United States District Court, M.D. Florida, Ocala Division

March 1, 2018

CITY OF TALLAHASSEE, et al., Defendants.



         Mr. Rolle has been a frequent litigator in this District and the Northern District of Florida, filing repeated civil rights actions pursuant to § 1983 against judges, prosecutors, appointed and privately retained attorneys, probation officers, and the City of Tallahassee, related to his 2002 state court conviction and subsequent probation violation proceedings. His claims have been repeatedly dismissed as frivolous. See e.g., Rolle v. Glenn, No. 4:17-cv-134-MW-CAS, (N.D. Fla. March 31, 2017), aff'd, 2017 WL 4708166 (11th Cir. 2017); Rolle v. Glenn, No. 5:15-cv-190-Oc-39PRL (M.D. Fla. January 27, 2017), Rolle v. Raysor, No. 5:15-cv-180-Oc-30PRL (M.D. Fla. Apr. 14, 2015); Rolle v. Maceluch, No. 5:15-cv-191-Oc-30PRL (M.D. Fla. Apr. 21, 2015); Rolle v. U.S. Marshals Serv., No. 5:15-cv-192-Oc22PRL (M.D. Fla. July 20, 2015); Rolle v. Edwards, No. 5:15-cv-202-Oc-30PRL (M.D. Fla. Apr. 24, 2015); Rolle v. Raysor, No. 5:15-cv-268-Oc-30PRL (M.D. Fla. June 3, 2015); Rolle v. Edwards, No. 5:15-cv-271- Oc-34PRL (M.D. Fla. July 22, 2015); Rolle v. Maceluch et al, No. 5:15-cv-285-MMH-PRL (October 8, 2015), Rolle v. Bruce, No. 5:15-cv-320-Oc-22PRL (M.D. Fla. July 24, 2015), Rolle v. City of Tallahassee, et al., No. 5:15-cv-462-JSM-PRL (September 14, 2015); Rolle v. Dilmore, et al, No. 4:14-cv-339-RH-CAS (N.D. Fla. July 23, 2014).

         Mr. Rolle has been repeatedly cautioned that sanctions would be imposed against him for filing frivolous complaints, and sanctions have been imposed on at least two occasions. In October 2015, he was sanctioned $200.00 in the Middle District of Florida, see Rolle v. City of Tallahassee, et al., No. 5:15-cv-462-JSM-PRL (M.D. Fla. October 8, 2015) (Moody, J.), and in May 2017, he was prospectively banned from filing new cases related to his January 4, 2002 arrest unless he paid the entire filing fee in the Northern District of Florida, See Rolle v. Dilmore, et al., No. 4:16-cv-425-RH-GRJ (N.D. Fla. May 23, 2017) (Hinkle, J.).

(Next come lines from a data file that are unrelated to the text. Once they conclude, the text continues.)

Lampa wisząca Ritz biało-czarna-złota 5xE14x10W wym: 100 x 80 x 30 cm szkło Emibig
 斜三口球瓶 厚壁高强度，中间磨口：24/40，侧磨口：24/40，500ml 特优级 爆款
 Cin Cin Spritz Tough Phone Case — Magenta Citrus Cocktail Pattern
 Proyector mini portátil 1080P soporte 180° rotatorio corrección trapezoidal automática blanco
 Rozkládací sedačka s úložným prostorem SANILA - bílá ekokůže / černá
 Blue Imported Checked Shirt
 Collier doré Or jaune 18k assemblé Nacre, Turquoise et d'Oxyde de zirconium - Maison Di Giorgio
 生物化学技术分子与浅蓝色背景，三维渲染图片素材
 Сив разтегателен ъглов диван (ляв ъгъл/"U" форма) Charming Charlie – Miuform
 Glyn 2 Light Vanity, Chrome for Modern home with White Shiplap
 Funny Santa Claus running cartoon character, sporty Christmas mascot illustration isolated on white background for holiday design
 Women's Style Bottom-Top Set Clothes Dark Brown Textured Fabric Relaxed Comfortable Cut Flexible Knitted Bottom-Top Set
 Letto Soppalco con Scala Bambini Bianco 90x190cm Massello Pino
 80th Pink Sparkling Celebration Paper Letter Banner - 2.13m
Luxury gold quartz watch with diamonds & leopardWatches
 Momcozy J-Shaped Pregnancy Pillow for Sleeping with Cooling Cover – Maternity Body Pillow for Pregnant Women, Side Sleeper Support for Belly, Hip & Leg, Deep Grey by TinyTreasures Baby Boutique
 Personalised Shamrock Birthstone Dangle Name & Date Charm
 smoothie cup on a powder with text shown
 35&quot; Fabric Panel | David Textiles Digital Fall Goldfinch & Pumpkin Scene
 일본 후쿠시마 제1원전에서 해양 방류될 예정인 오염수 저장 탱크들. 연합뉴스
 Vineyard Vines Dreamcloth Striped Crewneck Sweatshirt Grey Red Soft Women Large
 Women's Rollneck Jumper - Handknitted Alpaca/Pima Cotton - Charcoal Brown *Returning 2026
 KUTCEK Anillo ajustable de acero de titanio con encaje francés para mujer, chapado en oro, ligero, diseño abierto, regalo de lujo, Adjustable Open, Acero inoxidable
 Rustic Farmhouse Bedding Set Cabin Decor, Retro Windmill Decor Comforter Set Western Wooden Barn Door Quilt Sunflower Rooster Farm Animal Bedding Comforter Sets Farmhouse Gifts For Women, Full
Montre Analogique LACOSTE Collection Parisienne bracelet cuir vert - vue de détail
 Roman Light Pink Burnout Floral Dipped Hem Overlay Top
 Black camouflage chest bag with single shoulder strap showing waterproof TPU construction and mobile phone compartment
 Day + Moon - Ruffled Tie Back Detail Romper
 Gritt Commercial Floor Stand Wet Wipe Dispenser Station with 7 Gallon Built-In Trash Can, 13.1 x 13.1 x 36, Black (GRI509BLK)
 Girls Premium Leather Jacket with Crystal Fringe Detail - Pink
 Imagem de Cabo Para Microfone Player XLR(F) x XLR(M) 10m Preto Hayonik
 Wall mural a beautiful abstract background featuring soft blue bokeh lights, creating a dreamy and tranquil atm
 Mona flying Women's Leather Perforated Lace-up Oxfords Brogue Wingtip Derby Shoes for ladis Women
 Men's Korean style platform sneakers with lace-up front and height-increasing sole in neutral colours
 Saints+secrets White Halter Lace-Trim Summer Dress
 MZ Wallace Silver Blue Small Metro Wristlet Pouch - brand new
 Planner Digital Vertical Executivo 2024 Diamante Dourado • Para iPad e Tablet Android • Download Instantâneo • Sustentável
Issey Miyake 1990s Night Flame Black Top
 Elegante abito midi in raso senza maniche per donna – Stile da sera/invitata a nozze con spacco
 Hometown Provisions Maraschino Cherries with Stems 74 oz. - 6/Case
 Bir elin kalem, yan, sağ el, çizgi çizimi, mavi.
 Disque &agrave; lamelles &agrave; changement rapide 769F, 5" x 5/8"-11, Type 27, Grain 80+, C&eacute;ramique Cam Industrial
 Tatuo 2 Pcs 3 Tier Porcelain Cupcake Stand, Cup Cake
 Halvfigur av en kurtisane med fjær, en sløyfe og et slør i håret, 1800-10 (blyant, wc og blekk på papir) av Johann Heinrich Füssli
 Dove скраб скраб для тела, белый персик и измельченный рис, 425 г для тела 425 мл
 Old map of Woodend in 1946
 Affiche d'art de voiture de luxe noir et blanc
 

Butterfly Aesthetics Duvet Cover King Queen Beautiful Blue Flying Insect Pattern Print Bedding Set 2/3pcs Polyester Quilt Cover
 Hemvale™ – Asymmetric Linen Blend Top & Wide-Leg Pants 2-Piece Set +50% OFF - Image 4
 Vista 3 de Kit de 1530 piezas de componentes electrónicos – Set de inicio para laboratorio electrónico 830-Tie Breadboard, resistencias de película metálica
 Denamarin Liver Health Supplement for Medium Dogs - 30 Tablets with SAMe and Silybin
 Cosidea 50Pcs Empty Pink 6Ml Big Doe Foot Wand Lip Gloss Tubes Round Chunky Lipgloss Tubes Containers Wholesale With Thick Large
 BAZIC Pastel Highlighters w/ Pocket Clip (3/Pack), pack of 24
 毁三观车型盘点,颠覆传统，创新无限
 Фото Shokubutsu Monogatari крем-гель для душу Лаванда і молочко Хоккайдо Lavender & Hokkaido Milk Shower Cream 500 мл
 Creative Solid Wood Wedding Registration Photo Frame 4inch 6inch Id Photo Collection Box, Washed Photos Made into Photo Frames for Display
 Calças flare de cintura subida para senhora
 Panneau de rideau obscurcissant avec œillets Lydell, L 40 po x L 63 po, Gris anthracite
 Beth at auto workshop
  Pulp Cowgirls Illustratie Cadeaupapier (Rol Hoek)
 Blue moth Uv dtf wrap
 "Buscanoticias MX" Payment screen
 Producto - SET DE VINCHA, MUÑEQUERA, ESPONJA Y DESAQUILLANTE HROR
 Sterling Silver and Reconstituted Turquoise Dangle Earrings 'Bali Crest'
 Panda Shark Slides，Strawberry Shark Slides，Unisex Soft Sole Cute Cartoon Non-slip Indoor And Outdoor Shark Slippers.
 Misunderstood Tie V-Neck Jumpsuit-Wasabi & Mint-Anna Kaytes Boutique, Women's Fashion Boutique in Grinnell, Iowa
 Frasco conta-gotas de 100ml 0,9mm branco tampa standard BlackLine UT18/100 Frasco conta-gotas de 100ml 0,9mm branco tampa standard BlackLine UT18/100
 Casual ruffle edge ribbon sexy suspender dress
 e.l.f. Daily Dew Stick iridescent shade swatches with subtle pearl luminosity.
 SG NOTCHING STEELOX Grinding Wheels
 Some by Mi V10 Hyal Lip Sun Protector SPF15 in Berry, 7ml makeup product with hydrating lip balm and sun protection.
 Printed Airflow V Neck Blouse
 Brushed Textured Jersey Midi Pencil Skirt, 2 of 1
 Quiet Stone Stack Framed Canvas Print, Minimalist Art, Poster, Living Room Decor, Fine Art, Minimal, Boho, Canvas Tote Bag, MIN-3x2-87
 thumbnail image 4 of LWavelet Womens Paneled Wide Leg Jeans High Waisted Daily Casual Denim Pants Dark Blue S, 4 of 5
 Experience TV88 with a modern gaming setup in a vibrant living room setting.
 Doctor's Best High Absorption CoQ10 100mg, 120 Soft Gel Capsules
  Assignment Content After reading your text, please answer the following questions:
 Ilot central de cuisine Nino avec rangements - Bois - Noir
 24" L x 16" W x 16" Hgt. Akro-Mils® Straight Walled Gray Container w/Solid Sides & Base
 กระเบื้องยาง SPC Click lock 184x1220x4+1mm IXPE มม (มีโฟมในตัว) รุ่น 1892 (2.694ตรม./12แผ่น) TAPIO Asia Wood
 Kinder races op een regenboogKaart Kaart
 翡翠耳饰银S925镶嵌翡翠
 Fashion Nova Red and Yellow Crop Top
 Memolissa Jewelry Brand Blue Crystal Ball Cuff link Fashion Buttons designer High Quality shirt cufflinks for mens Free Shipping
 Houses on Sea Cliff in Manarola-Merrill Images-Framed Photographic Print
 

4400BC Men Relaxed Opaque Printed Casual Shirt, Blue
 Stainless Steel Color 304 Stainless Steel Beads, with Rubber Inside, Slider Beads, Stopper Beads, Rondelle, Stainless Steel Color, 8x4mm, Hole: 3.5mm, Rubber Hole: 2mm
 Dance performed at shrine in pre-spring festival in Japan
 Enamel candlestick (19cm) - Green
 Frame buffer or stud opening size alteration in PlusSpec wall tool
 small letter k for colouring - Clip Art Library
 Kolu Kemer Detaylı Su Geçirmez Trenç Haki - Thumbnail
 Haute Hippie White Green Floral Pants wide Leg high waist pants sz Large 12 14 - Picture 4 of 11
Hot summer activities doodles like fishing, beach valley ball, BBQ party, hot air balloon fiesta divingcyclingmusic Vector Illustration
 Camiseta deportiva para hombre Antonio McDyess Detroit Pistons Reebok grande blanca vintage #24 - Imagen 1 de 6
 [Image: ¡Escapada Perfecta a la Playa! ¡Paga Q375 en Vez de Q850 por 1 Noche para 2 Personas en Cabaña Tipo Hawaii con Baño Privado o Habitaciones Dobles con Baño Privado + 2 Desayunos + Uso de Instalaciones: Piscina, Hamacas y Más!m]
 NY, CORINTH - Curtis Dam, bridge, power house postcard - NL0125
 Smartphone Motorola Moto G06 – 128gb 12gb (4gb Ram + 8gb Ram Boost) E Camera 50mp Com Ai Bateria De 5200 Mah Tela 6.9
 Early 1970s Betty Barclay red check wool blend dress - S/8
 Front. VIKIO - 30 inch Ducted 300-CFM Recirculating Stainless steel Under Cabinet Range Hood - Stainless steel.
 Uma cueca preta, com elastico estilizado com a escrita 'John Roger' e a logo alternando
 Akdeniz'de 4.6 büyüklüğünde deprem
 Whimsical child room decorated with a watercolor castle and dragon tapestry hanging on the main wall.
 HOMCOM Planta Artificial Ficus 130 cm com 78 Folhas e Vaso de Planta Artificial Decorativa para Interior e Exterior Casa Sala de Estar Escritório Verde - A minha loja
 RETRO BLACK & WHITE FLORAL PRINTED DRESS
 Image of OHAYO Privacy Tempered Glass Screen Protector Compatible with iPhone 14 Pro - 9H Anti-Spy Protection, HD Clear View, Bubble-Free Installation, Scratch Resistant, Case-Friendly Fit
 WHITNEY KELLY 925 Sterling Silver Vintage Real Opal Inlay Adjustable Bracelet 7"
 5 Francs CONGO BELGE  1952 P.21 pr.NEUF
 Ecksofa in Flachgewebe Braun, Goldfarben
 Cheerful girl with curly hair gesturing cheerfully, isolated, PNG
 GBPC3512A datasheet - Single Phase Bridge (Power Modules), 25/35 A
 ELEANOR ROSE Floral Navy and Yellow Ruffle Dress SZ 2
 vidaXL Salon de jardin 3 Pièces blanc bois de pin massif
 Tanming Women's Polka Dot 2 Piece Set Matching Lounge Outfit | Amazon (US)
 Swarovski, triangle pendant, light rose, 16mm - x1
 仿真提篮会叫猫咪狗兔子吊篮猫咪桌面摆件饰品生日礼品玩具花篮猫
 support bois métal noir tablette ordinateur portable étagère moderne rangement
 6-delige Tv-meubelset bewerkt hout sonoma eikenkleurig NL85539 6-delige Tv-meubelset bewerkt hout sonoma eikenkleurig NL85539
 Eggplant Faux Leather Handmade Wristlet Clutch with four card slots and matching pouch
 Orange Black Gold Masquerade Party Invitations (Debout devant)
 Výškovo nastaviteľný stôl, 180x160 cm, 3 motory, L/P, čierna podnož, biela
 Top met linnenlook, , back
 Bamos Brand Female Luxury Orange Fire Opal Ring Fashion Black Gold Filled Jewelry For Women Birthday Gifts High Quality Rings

         Undeterred, during the first few weeks of January 2018, Plaintiff filed six new cases in this Court, arising largely out of the same events addressed in previous lawsuits. See Rolle v. West et al., No. 5:18-cv-8-JSM-PRL, Rolle v. Robinson et al., No. 5:18-cv-13-JSM-PRL, Rolle v. Shelfer et al., No. 5:18-cv-18-JSM-PRL, Rolle v. City of Tallahassee et al., No. 5:18-cv-25-JSM-PRL, Rolle v. City of Tallahassee et al., No. 5:18-cv-45-JSM-PRL, Rolle v. Perry, et al., No. 5:18-cv-46-JSM-PRL. Plaintiff has also filed motions to proceed in forma pauperis.

         I. Legal Standards

         Before a plaintiff is permitted to proceed in forma pauperis, the Court is obligated to review the complaint to determine whether it is frivolous, malicious, “fails to state a claim upon which relief may be granted[, ]” or . . . “seeks monetary relief against a defendant who is immune from such relief.” 28 U.S.C. § 1915(e)(2). If the complaint is deficient, the Court is required to dismiss the suit sua sponte. Id.

         “A lawsuit is frivolous if the plaintiff's realistic chances of ultimate success are slight.” Clark v. Ga. Pardons and Paroles Bd., 915 F.2d 636, 639 (11th Cir. 1984) (internal citations omitted). The district court may dismiss a complaint under § 1915 on grounds of frivolousness if an affirmative defense would defeat the action. Id. at 640. For example, the absolute immunity of the defendant would justify the dismissal of a claim as frivolous. Id. at 640, n. 2. “When the defense is apparent from the fact of a complaint or the court's records, courts need not wait and see if the defense will be asserted in a defensive pleading.” Id. “Indigence does not create a constitutional right to the expenditure of public funds and the valuable time of the courts in order to prosecute an action which is totally without merit.” Phillips v. Mashburn, 746 F.2d 782, 785 (11th Cir. 1984) (citing Collins v. Cundy, 603 F.2d 825, 828 (10th Cir. 1979)).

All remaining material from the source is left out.